Plot $T^2$ versus $L$ graph and obtain the value of $g$ from the slope of the graph.

Answer to Problem 44P

Figure 1 gives the plot between $T^2$ and $L$ and the value of acceleration due to gravity from the slope of graph is $\underset{\_}{9.94{\text{m/s}}^2}$.

Explanation of Solution

From Table 2 obtain the values for length of pendulums and the corresponding time period of oscillations. Find the value of $T^2$. Plot $T^2$ against $L$.

Plot $T^2$ along the $Y$ axis and $L$ along $X$ axis of the graph. Take the values of $L$ from $0\text{m}\text{to 1}\text{.000}\text{m}$ and the values of $T^2$ from $0\text{s to 4}\text{.00}\text{s}$. The resultant graph is a straight line.

Write the expression for $T^2$.

    $T^2=\left(\frac{4{\pi }^2}{g}\right)L$                                                                                                         (VI)

From equation (VI), slope of the graph is $\frac{4{\pi }^2}{g}$.

    $m=\frac{4{\pi }^2}{g}$                                                                                                               (VII)

Here, $m$ is the slope of the graph.

Rearrange expression (VII) to find $g$.

    $g=\frac{4{\pi }^2}{m}$                                                                                                               (VIII)

Conclusion:

The slope of graph is got as $3.97{\text{s}}^2\text{/m}$. Substitute $3.97{\text{s}}^2\text{/m}$ for $m$ in equation (VIII) to find $g$.
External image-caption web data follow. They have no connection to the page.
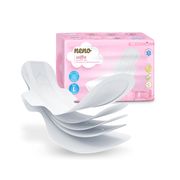 Pensos pós-parto NENO Soffio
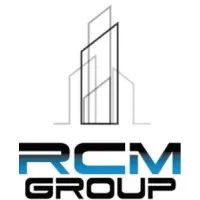 RCM Group RCM Group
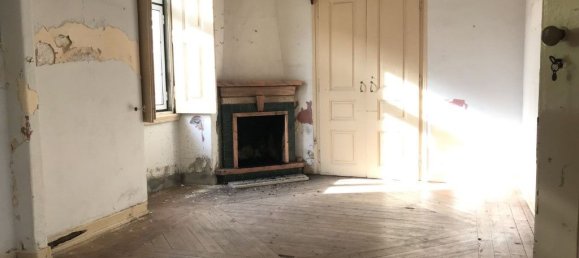 7 Schlafzimmer Haus in Mouriscas, Portugal, Nr. 71391 25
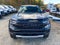 2025 Ford Ranger Raptor Super Crew 4x4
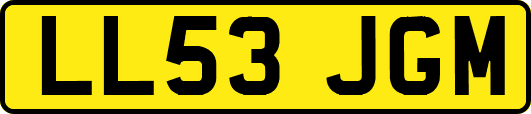 LL53JGM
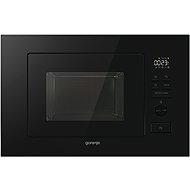GORENJE BM201M2BG - Microwave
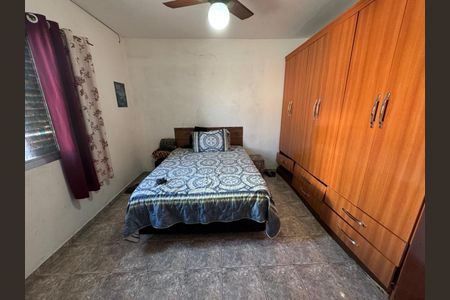 Casa à venda com 141m², 4 quartos e 3 vagas Casa à venda com 141m², 4 quartos e 3 vagasQuarto 4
    $\begin{array}{c}g=\frac{4{\pi }^2}{3.97{\text{s}}^2\text{/m}}\\ =9.94{\text{m/s}}^2\end{array}$

Therefore, Figure 1 gives the plot between $T^2$ and $L$ and the value of acceleration due to gravity from the slope of graph is $\underset{\_}{9.94{\text{m/s}}^2}$.

(d)

To determine

The level of closeness of $g$ from graph to the accepted value of $g$.

Answer to Problem 44P

The value of $g$ from graph is $1.5\%$ close to the accepted value of $g$.

Explanation of Solution

Write the expression to find the level of closeness of acceleration due to gravity from graph and accepted value of $g$.

    $g\%=\frac{g_g}{g}\times 100\%$                                                                                                     (IX)

Here, $g_g$ is the value of acceleration due to gravity from the graph.

Conclusion:

Substitute $9.94{\text{m/s}}^2$ for $g$, and $9.80{\text{m/s}}^2$ for $g$ in equation (IX) to find $g\%$.

    $\begin{array}{c}g\%=\frac{9.94{\text{m/s}}^2}{9.80{\text{m/s}}^2}\times 100\%\\ =1.5\%\end{array}$

Therefore, the value of $g$ from graph is $1.5\%$ close to the accepted value of $g$.